Statistics from Altmetric.com
WHAT IS ALREADY KNOWN ON THIS TOPIC
Symptom prevalence at inflammatory bowel disease (IBD) onset has been evaluated in a North American Cohort, while symptom prediction has been analysed retrospectively in the UK. No UK study has evaluated symptom prediction prospectively, particularly in a cohort largely preselected using elevated faecal calprotectin (FCP).
WHAT THIS STUDY ADDS
This study highlights the key symptoms that separate IBD from other, predominantly functional, diagnoses. It also informs our understanding of how best to apply FCP in a health service under increasing strain.

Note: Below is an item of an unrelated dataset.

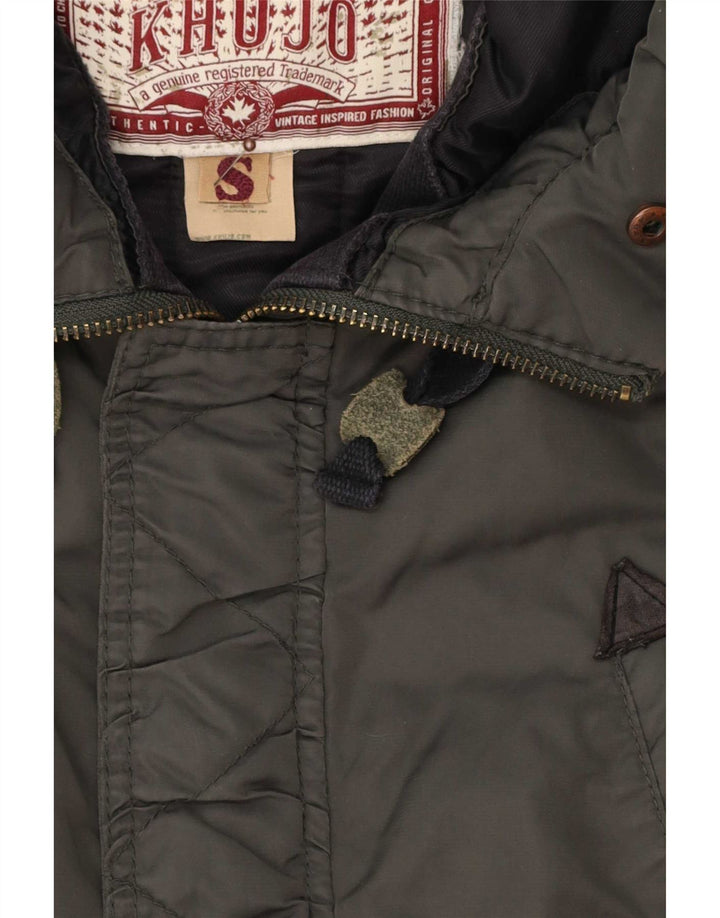 KHUJO Chaqueta Parka con Capucha para Hombre UK 36 Small Verde Poliéster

HOW THIS STUDY MIGHT AFFECT RESEARCH, PRACTICE OR POLICY
In its simplest form, this study may help improve referral triage and optimise utilisation of FCP in IBD referral pathways. It has the potential to reduce pressure on endoscopy and outpatient services and ensure the correct patients are prioritised. Our work aligns with ‘Getting It Right First Time’ but aims to take this one step further. Direct to endoscopy referrals for FCP >200 µg/g on two occasions could reduce strain on outpatient clinics without imposing further delay in diagnosis, while repeat sampling will also prevent unnecessary endoscopy. However, as we plan new care pathways, our data would support a move away from traditional approaches. A second FCP ≥220 µg/g, regardless of the first result, was a more accurate predictor. Coupled with key clinical symptoms, the formulation of reliable self-referral pathways based on patient-initiated home FCP testing could allow even more rapid diagnosis and treatment initiation. This would require further validation with a large prospective cohort, a process that we are currently initiating.
Introduction
The importance of early diagnosis in inflammatory bowel disease (IBD) is well established. A recent meta-analysis demonstrated that delayed diagnosis is associated with adverse outcomes in both ulcerative colitis (UC) and Crohn’s disease (CD).1 In CD, there is a higher likelihood of stricturing and penetrating disease, translating to an increased risk of need for surgery. In UC, delayed diagnosis increased the risk of colectomy. A collated analysis of all articles in this review found median time to diagnosis was 8 months in CD and 3.7 months in UC.1 Moreover, these studies took place prior to the advent of the COVID-19 pandemic, where research has demonstrated increases in healthcare avoidance.2 3
In IBD diagnostic delays can stem from lateness seeking medical opinion, delays after first healthcare interaction (typically primary care) and delays after referral to secondary care. Gastrointestinal symptoms can extend as far back as 5 years prior to diagnosis in IBD patients.4 In secondary care, COVID-19 has resulted in increased waiting times for diagnostics and treatment.5 Time from referral to review should still not exceed 4 weeks but the current reality in the UK health service, set against the increasing prevalence of IBD, threatens the consistent achievement of this.6 7 ‘Getting It Right First Time’ is a national programme within NHS England, which has set out suggested referral pathways and strategies for IBD diagnosis.8 National campaigns led by Crohn’s and Colitis UK have followed the 2019 IBD UK National report which highlighted delays in diagnosis as one of the major challenges facing patients and clinical services.9 10 Moreover, time to diagnosis following referral has recently been established as a key performance indicator for IBD.11
With burgeoning waiting lists for suspected IBD patients, effective triage of referrals from primary care is vital. A well-established tool to support this is faecal calprotectin (FCP) testing in primary care. Its use has been shown to reduce time to diagnosis and forms a focal point of most contemporary referral pathways.7 12 Nonetheless, several non-IBD conditions and common medications are associated with elevated FCP. This includes bacterial and viral gastrointestinal infections, diverticular disease, colonic polyps, colorectal cancer, GI bleeding, non-steroidal anti-inflammatory drugs, proton pump inhibitors and obesity.13 There is no international consensus on specific thresholds for significant elevations in FCP. Implementation studies emphasise that where symptom severity allows, repeating FCP testing more than once would aid diagnostic specificity, particularly after a period of the aforementioned medications.14 15 Different time intervals have been suggested without clear consensus, ranging from 2 to 8 weeks. Current pressures in primary care mean repeat testing is increasingly rare prior to referral.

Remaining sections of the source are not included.